The term "myth" refers to a story that attempts in more or less symbolic form to explain the mystery of the origins of the cosmos, the earth, and humanity; the theme of life and death; and the causes and meanings of natural phenomena. All of these have bewildered humanity since ancient times. Humankind uses myth as an attempt to express its relation to nature.
Originally, these stories were passed down orally from one generation to the next and, over a span of several centuries, underwent many changes. The ancient world attributed the Iliad and the Odyssey—two epics considered the earliest and greatest works of Greek literature—to Homer. Homer is believed to have been the first poet to record these myths into written form, in approximately the eighth century B.C., thereby preserving them for future generations.

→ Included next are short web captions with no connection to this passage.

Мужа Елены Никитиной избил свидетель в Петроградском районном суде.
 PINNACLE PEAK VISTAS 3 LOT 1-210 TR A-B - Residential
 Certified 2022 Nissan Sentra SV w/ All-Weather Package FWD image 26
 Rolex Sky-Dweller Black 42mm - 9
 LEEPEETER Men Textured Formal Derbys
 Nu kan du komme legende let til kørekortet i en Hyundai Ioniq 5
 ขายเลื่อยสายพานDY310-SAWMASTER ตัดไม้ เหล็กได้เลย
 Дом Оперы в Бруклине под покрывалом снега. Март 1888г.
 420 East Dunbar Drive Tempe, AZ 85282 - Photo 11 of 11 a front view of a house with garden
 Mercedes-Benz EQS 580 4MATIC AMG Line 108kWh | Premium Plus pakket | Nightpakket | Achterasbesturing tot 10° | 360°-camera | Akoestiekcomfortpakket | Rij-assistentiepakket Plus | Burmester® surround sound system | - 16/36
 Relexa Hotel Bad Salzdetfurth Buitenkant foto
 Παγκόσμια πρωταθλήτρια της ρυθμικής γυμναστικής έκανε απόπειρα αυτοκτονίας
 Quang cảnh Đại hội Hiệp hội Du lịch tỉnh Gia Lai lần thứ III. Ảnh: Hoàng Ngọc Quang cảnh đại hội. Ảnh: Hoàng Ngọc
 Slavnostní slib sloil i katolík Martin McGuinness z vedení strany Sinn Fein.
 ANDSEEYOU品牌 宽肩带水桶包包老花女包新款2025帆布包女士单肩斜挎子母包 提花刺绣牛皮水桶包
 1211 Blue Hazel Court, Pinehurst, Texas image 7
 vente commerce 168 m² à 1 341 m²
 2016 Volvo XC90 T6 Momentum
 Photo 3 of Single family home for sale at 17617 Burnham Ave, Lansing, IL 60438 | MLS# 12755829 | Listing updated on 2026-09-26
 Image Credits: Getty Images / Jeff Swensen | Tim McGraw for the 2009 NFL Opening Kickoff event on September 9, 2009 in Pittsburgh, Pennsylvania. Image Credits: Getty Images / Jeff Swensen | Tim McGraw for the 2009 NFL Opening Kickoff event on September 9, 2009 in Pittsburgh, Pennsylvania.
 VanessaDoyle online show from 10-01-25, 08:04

Many generations and peoples after Homer have continued to look at these stories because they address issues common to humanity. These tales were told to explain the surrounding world, human behavior, and problems common to all societies. In addition to explaining natural and religious origins, myths also provided humans with a history of their people and their neighbors. For the Greeks, myths shed light on aspects of their lives and how they had become who they were.
The materials in this curriculum focus on Greco-Roman mythology in antiquity and its significance for later Western art and culture. There was a fundamental difference in attitudes toward mythology during these two periods. Whereas in antiquity mythology was inextricably linked with religion and daily life, in post-antiquity, mythology primarily became a source of inspiration for a variety of themes in art and literature. The diversity and universality of these themes, combined with the inexhaustible metaphorical possibilities of the ancient myths, ensure the survival of mythology in Western art up to the present day.
The idea of the hero was perfected in ancient Greece. For the Greeks, heroes existed on a cosmological level between humans and gods. According to the poet Hesiod, heroes were a godlike race of humans who had lived in a previous age. Although they themselves were mortal, the heroes attracted the attention, and often the protection of, the immortals. In another tradition, heroes emerged when gods and men were still living together as a generation of children of half-mortal, half-divine parentage.
In their strength, their passions, and their achievements, the heroes far surpassed ordinary humans. All heroes are nevertheless mortal and in time confront their mortality. Yet even in death a hero may surpass ordinary peoples, for the glorious deeds that have brought him to his death may also bring him everlasting renown. Some, like the great hero Herakles (whom the Romans called Hercules), actually became gods after death. In ancient Greece, heroes had religious cults associated with them and were able to intervene in human affairs, possessing a status similar to that of saints in Christianity. Over the centuries, the definition of a hero broadened to include any human who displayed great strength and courage.
Gods and goddesses of ancient Greece and Rome have provided the subject matter for much of Western art. For the Greeks, there were 12 main deities (all related to one another) who lived on Mount Olympus, where they observed the progress of mortals. Aside from these major gods, the universe was filled with innumerable minor deities. The Romans, in turn, merged many of their native gods with those of the Greeks.
Since antiquity, stories of the ancient gods and goddesses, such as Zeus, Aphrodite, and her son Eros, continued to be depicted, even while they had lost their religious significance. In the Renaissance, a classical education was required of all learned gentlemen; knowledge of Greece and Rome demonstrated one's knowledge, taste, and status. A universal language of images was reborn, but often with new allegorical and intellectual meanings.